Case in point, this blog entry from one of my favorite inspirational sites, “Learning Like a Hurricane,” by Marsha Ratzel. Her stated experience of spending June reflecting and August honing is recognizable to most of us.  I like having an afternoon commute because it gives me time to mentally sort through what worked, and what didn’t, during my day, and plan ways of directing the next day’s lessons.  The last couple of years have been even better because I’ve gone to and from work with my husband, so an actual, exterior dialogue happens daily on school events and lessons.  While that won’t be happening in my upcoming teaching year, I’m quite capable of having quite vociferous internal dialogues of my own, thank you very much!

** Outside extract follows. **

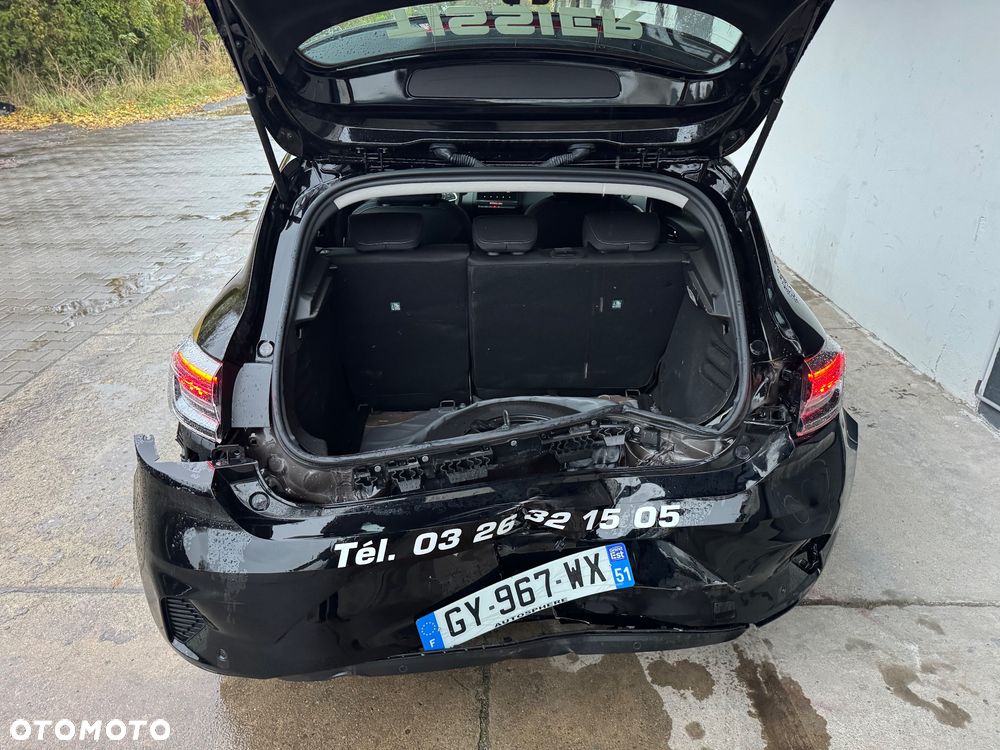 Renault Clio 1.0 TCe Equilibre - 21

I’ve often thought that teaching is like art in many ways; everything experienced, seen, heard, felt becomes fodder for lessons (or parts of lessons). Just as we now realize that part of the reading gap in young children is due to not having the varied life experiences that carry with them vocabulary and frames of reference, so, too, would teaching come hard to someone with a very narrow focus and little imagination.  To be effective, one needs to be able to view things from various sides, transcend disciplinary boundaries, speak on many levels, and balance content and method.

As Ms. Ratzel exhibits above, the catalysts come at the oddest moments.  Anyone who’s ever lived with, or spent time with, a teacher will recognize that spark when the eye brightens, the back straightens, the tail twitches (okay, okay, this latter is probably just because I live with cats…). The teacher has an IDEA. And…she’s off and running.

This is another reason why I could never teach with a canned curriculum, or scripted lessons. I want the freedom to bring in my own fodder and relate it to the objective of the lesson, based on current events, my personality, and, mostly, the personalities of the kids whose butts are in my classroom and their eyes on me. Just as art exists in the space between artist and viewer/listener/reader, so, too, does education occur in the interaction between teachers and students (and that education is multidirectional, mind you).

Having my ability to shape content clipped would, indeed, keep me–and my students–tethered to the ground, when so much of life is elsewhere.

P.S. Thanks to Marsha Ratzel, and I wish I were a student in her classroom!  What an amazing teacher!  More thanks to Clay Burrell, also linked, who’s long been an amazing voice for quality education.